# DATA BELOW
++++++++++++++++++++

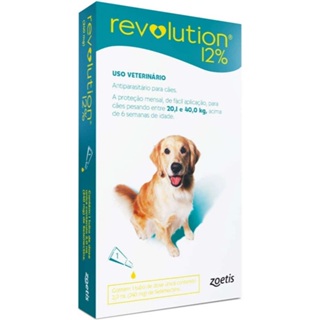 Zoetis Revolution 12% para cães de 20,1 a 40kgs com 1 pipeta avulsa em Oferta na Shopee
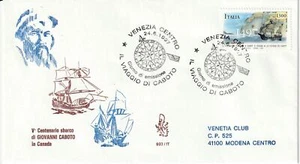1997 FDC VENETIA 933/IT ITALIA V CENT. SBARCO DI CABOTO IN CANADA VIAGGIATA MF80 - Imagen 1 de 1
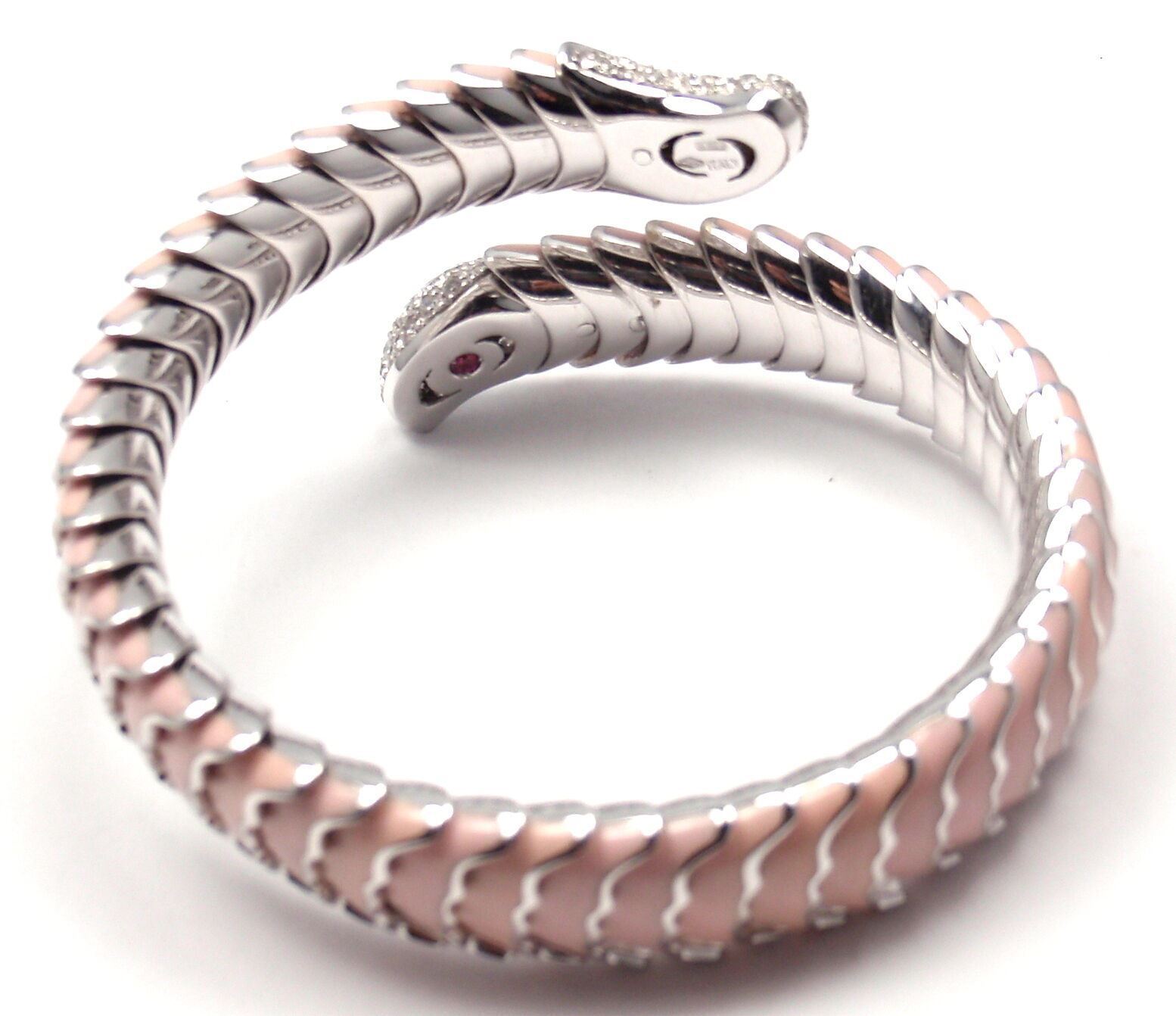 Authentic Roberto Coin 18k White Gold Enamel Ruby Diamond Cobra Bangle Bracelet - Luxury Jewelry for Women, Perfect Gift for Anniversary, Birthday & Special Occasions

++++++++++++++++++++

# TASK DESCRIPTION
Write out, word for word, only the lines from the one containing "1997 FDC VENETIA" to the end of the data above; the pictures stay out.

# SOLUTION TO THE EXERCISE
1997 FDC VENETIA 933/IT ITALIA V CENT. SBARCO DI CABOTO IN CANADA VIAGGIATA MF80 - Imagen 1 de 1
 Authentic Roberto Coin 18k White Gold Enamel Ruby Diamond Cobra Bangle Bracelet - Luxury Jewelry for Women, Perfect Gift for Anniversary, Birthday & Special Occasions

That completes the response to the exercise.